When it comes to the usage of connected platforms on the internet, most prominently social media networks, a continuous debate between proponents and adversaries has grown and existed about as long as the platforms themselves. I’ve been on both sides of this debate. It was not until the end of high school when I would start using Facebook or WhatsApp, it was not until some months into organisational responsibility in a university context that they would form part of my daily life.

The comfortableness and the struggle

I’ve grown to use them daily, to some extent nearly hourly. Quite frankly, they were and are useful if you count their networking potential too: Assume I hadn’t connected with as many acquaintances on these platforms, I guarantee I would’ve forgotten about names, stories, existences of people, even about some of the people who are reading this text right now. Establishing a link when we got to know each other, and keeping it up through sharing content on these platforms became a central cultural activity.

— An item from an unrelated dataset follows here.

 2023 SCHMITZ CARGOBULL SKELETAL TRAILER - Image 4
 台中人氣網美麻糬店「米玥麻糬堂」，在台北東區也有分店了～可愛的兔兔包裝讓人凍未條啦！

It’s a nice cultural activity! In principle, at least. But then there’s the sheer difficulty for any information on the internet to be forgotten. The knowledge that the companies preserve and archive (meta)data, and keep them as long as they please. And exhibit them to the world as long as you don’t intervene. They don’t even hide this eternal character of the storage of data, they rather try to make profit from it through offering memories, creating artificial anniversaries and bringing up whatever has happened in your life before (at any given opportunity). Ever tried downloading your Facebook data? You’ll be surprised what you’ll find. Does it mean you should stop using it? Enough people argue that, and rightfully so. But maybe there’s another way.

Principles for a New Culture of Sharing for Social Media Networks

The path I will follow is attempting to utilize social media networks in my interest instead of assuming the behaviour these platforms designed me to employ. In easier words: Reclaiming social media networks as our tools instead of letting them use us. I arrived at three fundamental principles upon which I develop what I call a New Culture of Sharing for Social Media Networks:

  1. The usage of platforms in absolute awareness of all tools at the user’s disposal, if possible and beneficial against the pre-determined design.
  2. Respect for a limited timeframe in which the cultural activity of sharing content and information is performed.
  3. The global re-emancipation of the user over their data in form of active ownership and controlled self-presentation.

And here’s what I will do: I will delete all content in my Facebook and Instagram timeline every week-/-month, save currently highly relevant information for understanding my context.

Social networks should be networks, and not archives. Vivid, dynamic, and after a week everybody has probably already seen everything anyway. And if somebody missed out on something – well then it happened. Maybe, it’s also a path out of the like-crisis. Out of the constant self-comparison and self-optimization in the pursuit of social validation: If I don’t know how many people reacted to the content I produced before, I don’t have the pressure and urge to adapt and be influenced by this for the content I share now.

Applicability and boundaries: Other networks

What about Twitter and LinkedIn then? I (for now) won’t apply the same policy to those two networks. That’s because they serve different purposes (at least to me) than being a social network, but in two completely different ways: To me Twitter is a political network, LinkedIn a professional network.

On Twitter, a lot of discussions between many people take place. It is in my interest as well as in the interest of the general public that these discussions can be understood and reconstructed properly. The awareness and respect for the timeframe is always already given through the very momentous platform design. Twitter is not my way of interacting with friends or new acquaintances, it’s not a cultural leisure time social activity, but more of an activist outreach and discussion tool. Do I need to apply my New Culture of Sharing for Social Media Networks to Twitter then? I don’t think so.

My attitude towards LinkedIn however can be described much briefer: As it is serves as a portfolio for possible employers, I’ll manipulate it at any given time either way, thus, there’s no sense in pretending to follow a seven-day-deletion-policy.

A useful step?

So, did it hurt deleting the photos, the videos and petitions on human rights violations, and the proof of my activity in the world for the past years? Definitely. And yes, of course it’s nice to scroll through your timeline and stumble across the picture from the last vacation with your friends somewhere on a beach. But the new cool person from yesterday’s houseparty doesn’t necessarily need to know which rock you were sitting on in 2014.

I transferred what seemed relevant to me on this website. And last time I checked, that picture from the beach was also very well stored in a folder on my laptop. Alas, I cannot eradicate all metadata collected on and around me, or have full control on the data I generate – but it’s a start in pushing against the system that never forgets. And maybe the full switch to the fediverse will follow in a few weeks!